• **MATERIALS PROVIDED**

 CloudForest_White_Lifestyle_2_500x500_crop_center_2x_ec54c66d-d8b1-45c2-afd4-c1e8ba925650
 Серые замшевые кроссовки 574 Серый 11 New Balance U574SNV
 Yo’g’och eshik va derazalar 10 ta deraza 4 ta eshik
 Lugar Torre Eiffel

==

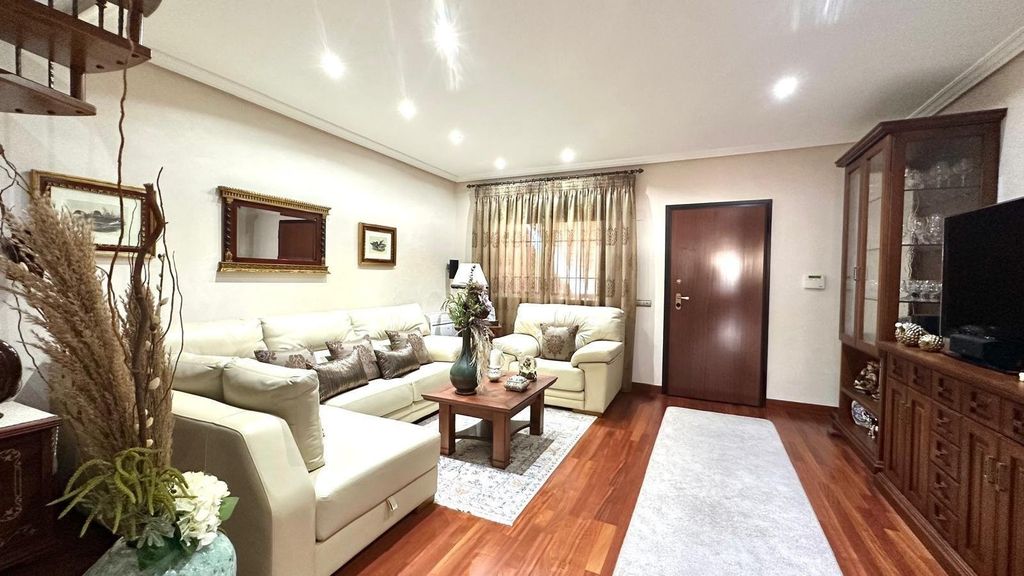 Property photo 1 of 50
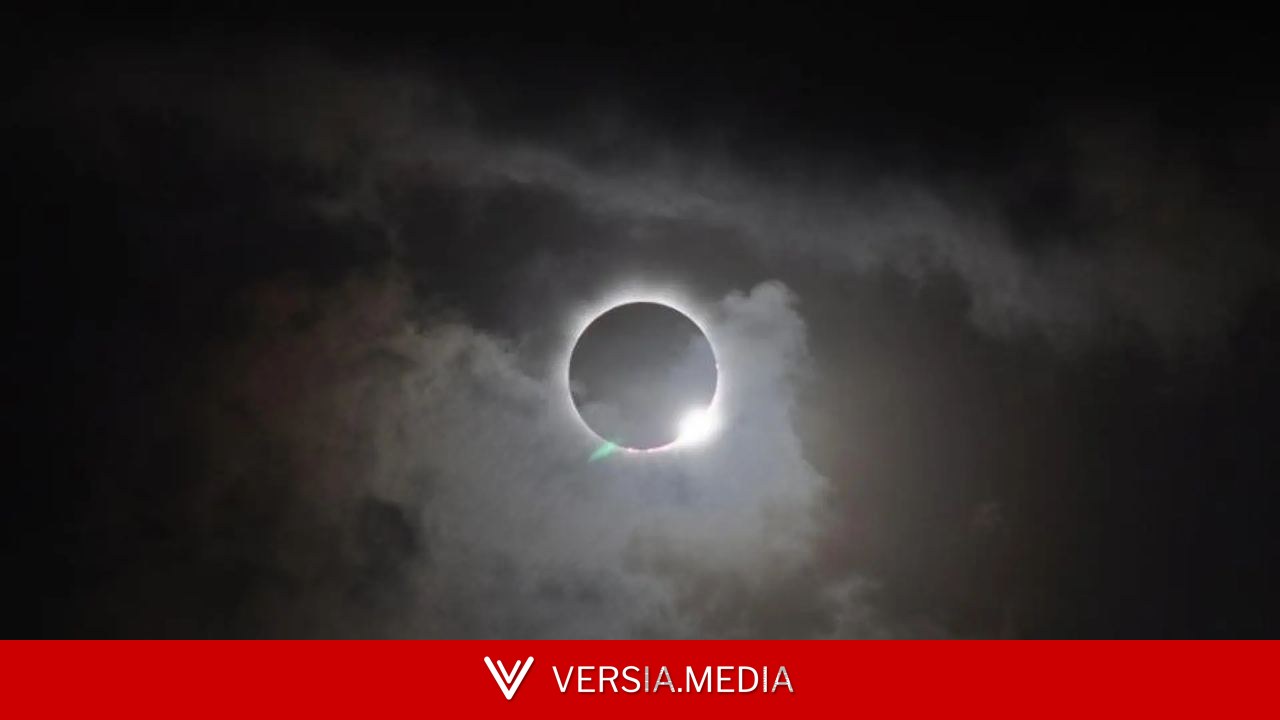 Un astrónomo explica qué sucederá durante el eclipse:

* * *

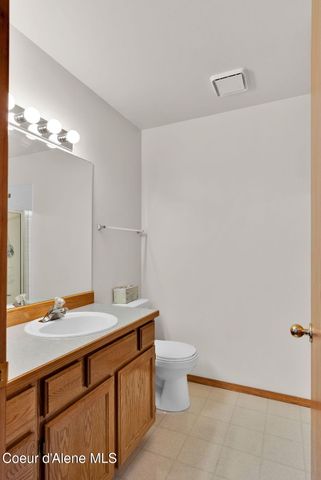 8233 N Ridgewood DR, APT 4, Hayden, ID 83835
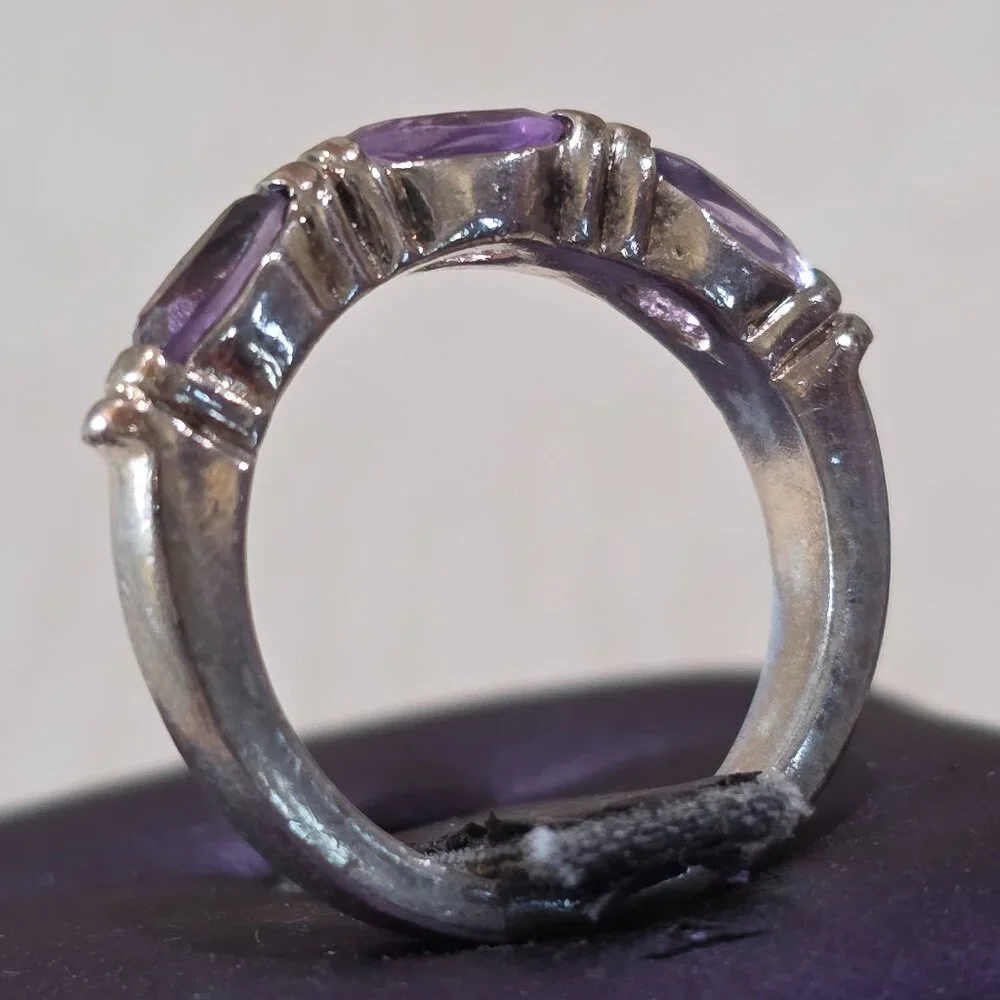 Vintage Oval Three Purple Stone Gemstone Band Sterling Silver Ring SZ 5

• **EXERCISE DETAILS**
Please return the data above exactly as it stands from the line with "Property photo 1 of 50" to the line with "Un astrónomo explica", keeping both of those lines but none of the pictures.

• **SOLUTION**
 Property photo 1 of 50
 Un astrónomo explica qué sucederá durante el eclipse:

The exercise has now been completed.